I'm not sure if this has been asked before because I'm having trouble even asking it myself. I think the best way to explain my dilemma is to use an example.
Say I've rated my happiness on a scale of 1-10 every day for 10 years and I have the results in a big table where I have a single date correspond to a single integer value of my happiness rating. I say, though, that I only care about my happiness over 60 day periods on average (this may seem weird but this is a simplified example).

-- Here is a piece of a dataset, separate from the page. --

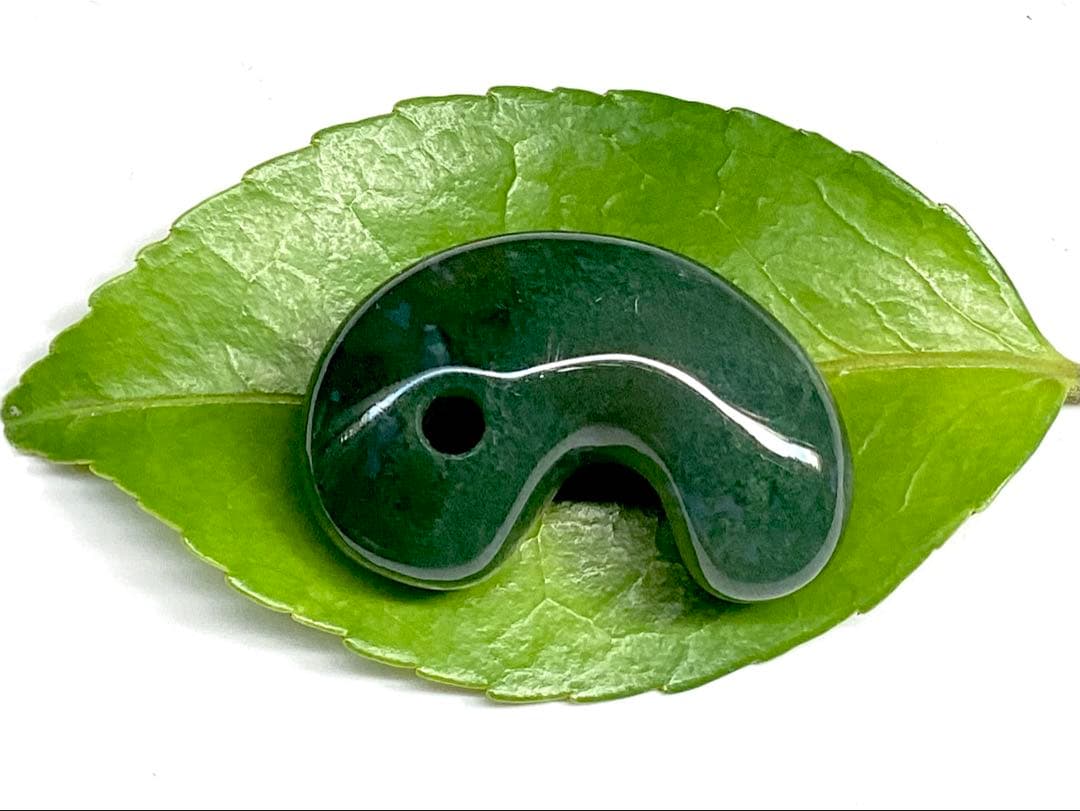 幻の碧玉‼️　出雲石勾玉*濃厚青緑色　コレクション守護石に‼️ 鑑定機関鑑別書取得品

So I wrap up this information to a table where I now have a start date field, an end date field, and an average rating field where the start days are every day from the first day to the last over all 10 years, but the end dates are exactly 60 days later. To be clear, these 60 day periods are overlapping (one would share 59 days with the next one, 58 with the next, and so on).
Next I pick a threshold rating, say 5, where I want to categorize everything below it into a "bad" category and everything above into a "good" category. I could easily add another field and use a case structure to give every 60-day range a "good" or "bad" flag.
Then to sum it up, I want to display the total periods of "good" and "bad" from maximum beginning to maximum end date. This is where I'm stuck. I could group by the good/bad category and then just take min(start date) and max(end date), but then if, say, the ranges go from good to bad to good then to bad again, output would show overlapping ranges of good and bad. In the aforementioned situation, I would want to show four different ranges.
I realize this may seem clearer to me that it would to someone else so if you need clarification just ask.
Thank you
---EDIT---
Here's an example of what the before would look like:
StartDate| EndDate| MoodRating
------------+------------+------------
1/1/1991 |3/1/1991 | 7
1/2/1991 |3/2/1991 | 7
1/3/1991 |3/3/1991 | 4
1/4/1991 |3/4/1991 | 4
1/5/1991 |3/5/1991 | 7
1/6/1991 |3/6/1991 | 7
1/7/1991 |3/7/1991 | 4
1/8/1991 |3/8/1991 | 4
1/9/1991 |3/9/1991 | 4
And the after:
MinStart| MaxEnd | Good/Bad
-----------+------------+----------
1/1/1991|3/2/1991 |good
1/3/1991|3/4/1991 |bad
1/5/1991|3/6/1991 |good
1/7/1991|3/9/1991 |bad
Currently my query with the group by rating would show:
MinStart| MaxEnd | Good/Bad
-----------+------------+----------
1/1/1991|3/6/1991 |good
1/3/1991|3/9/1991 |bad
This is something along the lines of
select min(StartDate), max(EndDate), Good_Bad
from sourcetable
group by Good_Bad
While Jason A Long's answer may be correct - I can't read it or figure it out, so I figured I would post my own answer. Assuming that this isn't a process that you're going to be constantly running, the CURSOR's performance hit shouldn't matter. But (at least to me) this solution is very readable and can be easily modified.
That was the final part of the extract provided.